Korome mosque is among the oldest religious places in Wayanad district. It is located in an area which saw the earliest Muslim migration to the region. Though there are no historical records suggesting the age of the mosque, the present structure is at least 300 years old. This figure was arrived at considering the time the Athilan family, which built the mosque, migrated to Korome.
Korome was the capital of Thondarnadu, which was ruled by Thondar Nambiar. The area had witnessed the battles the legendary Pazhassy Raja fought. Pazhassy wrote his letter to the Bombay Governor Jonathan Duncan from here.
Korome mosque is along the path taken by several armies who travelled to Mananthavady, via Kuttiadi ghat road, during their campaigns. Bappan, the head of the Athilan family which reached here from Nadapuram, bought the land measuring around 5.50 acre to build the mosque and the graveyard.

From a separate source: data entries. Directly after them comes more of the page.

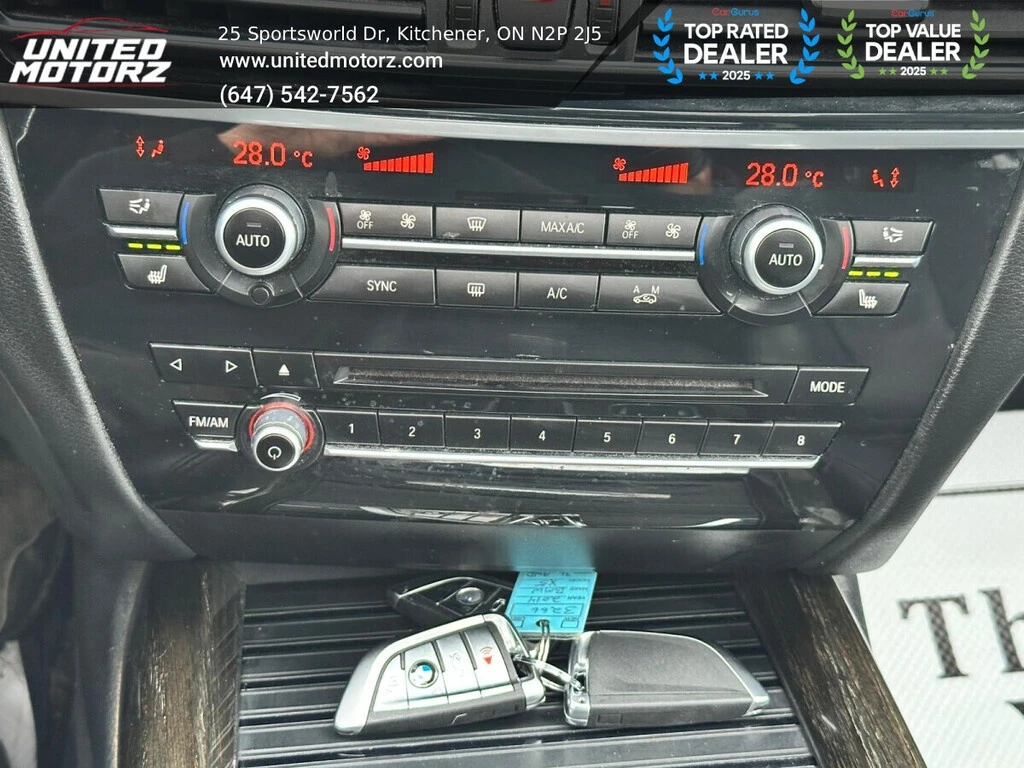 BMW X5 * xDrive35i  * CARFAX * ���� �� �� | Mobile.bg � ����������� 14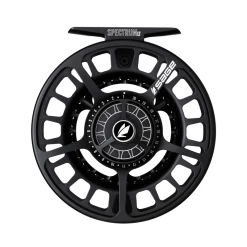 Sage Spectrum LT Spool 5 Sage Spectrum LT Spool -Fishing Discount Shop 1111424 800 auto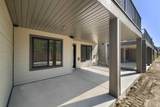 2230 81st Street - Photo 46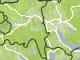 Aargauer Weg - Etappe 4: Von Bremgarten nach Mellingen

The price for the land amounted to Rs 25 and a bottle of ghee. The owner of the land had been Thondar Kannan, the ‘Nambiar’ of ‘East Fort’ at that time. The construction of the mosque was taken up soon and the inauguration is believed to have been conducted by Sainudeen Maqdoom II, the author of ‘Islamic Karmasasthra.’
Pleased over the sale of the land to them, the Athilan family played a major role in the renovation of the temple in the Makkiyad fort. Over several generations since then, the Athilan family took part actively in all the festivals of the temple. The Athilan family exclusively managed the affairs of the mosque till 1950. That year, a popular committee was formed and the mosque administration brought under it.

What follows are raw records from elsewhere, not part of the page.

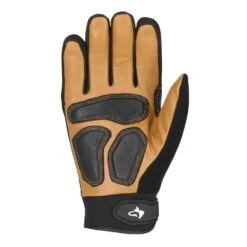 Husky Medium Goat Leather Heavy-Duty Glove (2-Pack) 17 Husky Medium Goat Leather Heavy-Duty Glove (2-Pack) -Husky Tools Shop husky work gloves ga8910 m c3 1000
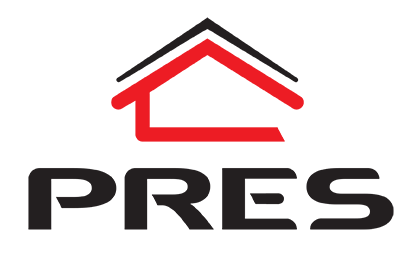 sponsor image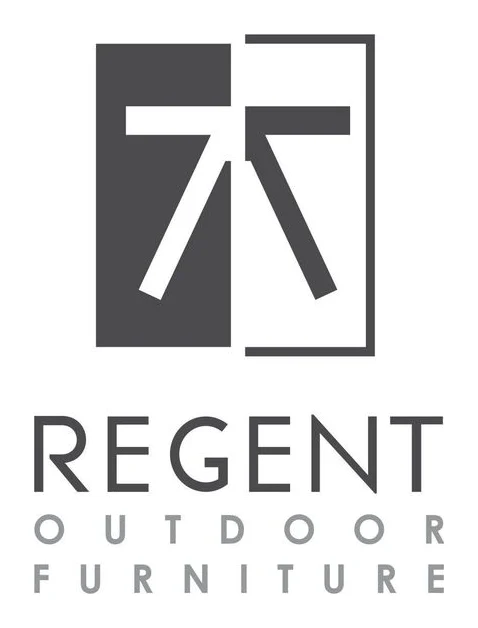 Regent Outdoor Furniture logo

Built in traditional style using mainly wood, the mosque still retains its original structure. The floor is raised from the ground to keep away snakes and other reptiles. To reach the inner area of the mosque, one has to climb several stairs.

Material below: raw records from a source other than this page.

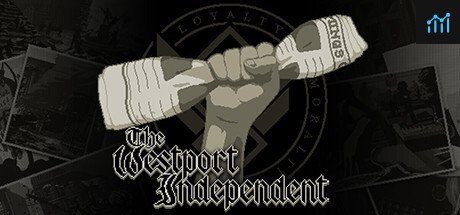 The Westport Independent PC Specs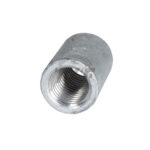Pisa Anchor Rod Coupling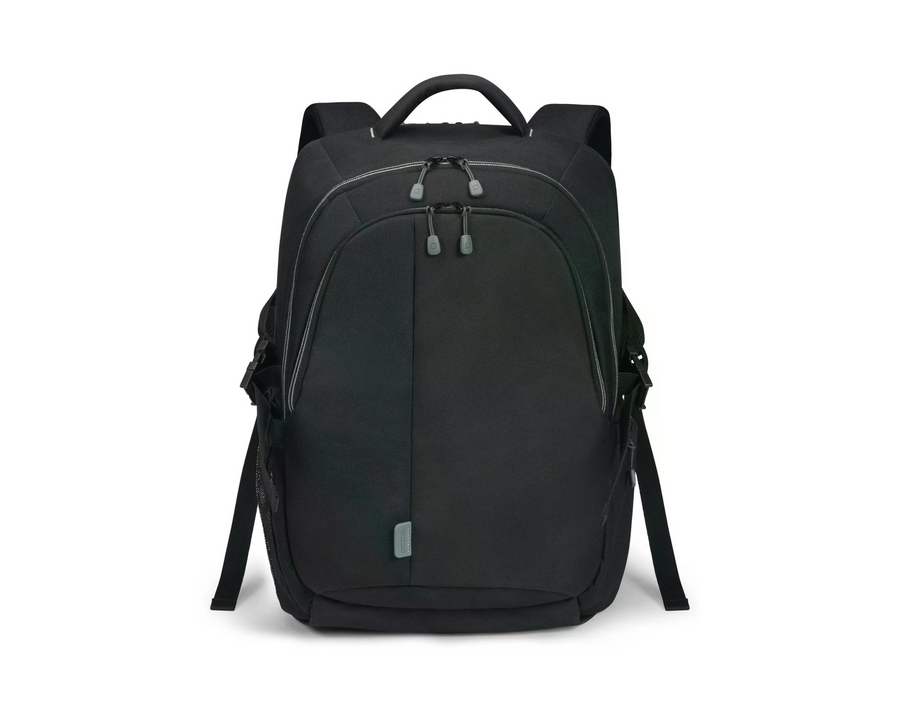 DICOTA Zaino per notebook Eco 14"-15.6"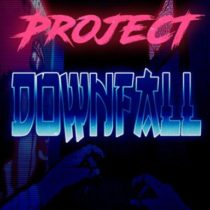 Project Downfall v1.0.2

The building evokes awe and reflects signs of affluence. There are several beams and pillars made of solid wood. Artwork covers the roof and the peculiarities of the architecture create a feeling of wonder. Numerous ancient lamps hang from the beams of the roof. Walls made of wood separate the inner mosque from the outer. Tiny doors are another attraction.
Stairs near the inner mosque are also a fine example of traditional architecture. On the top floor, there once existed a facility for religious teaching, remains of which can still be seen. In the inner mosque, what strikes a visitor is the intricately carved pulpit. It is adorned with several decorative bells and shines even in the dark.
The pulpit still retains the paint given to it during construction. It is believed that the paint was prepared by crushing various kinds of leaves. Over all these years, no maintenance needed to be carried out on the pulpit. Visitors are amazed over the traditional knowledge of its creators which modern science is yet to unravel.
Korome mosque has offered solace to several disconsolate people and spirituality prevails all over the place. There is a pond near the mosque which is connected by a walkway. However, few people use this facility nowadays.
An old handwritten copy of the Holy Prophet’s sayings is another attraction of the mosque. The manuscript’s striking calligraphy makes one wonder whether it is not a printed work.
Considering its historical and religious significance as well as architectural beauty, the Central government has included the Korome mosque in its pilgrim tourism circuit project along with Valliyoorkkavu temple and Pallikkunnu church in Wayanad.
The grave of Athilan Bappan who supervised the construction of the mosque, which still remains an architectural wonder, is adjacent to the mosque premises. In olden days, the mosque used to be illuminated with candles during Eid. Devotees arriving to offer prayers were given a dash of traditional fragrance during the festival days. This custom existed till three generations ago.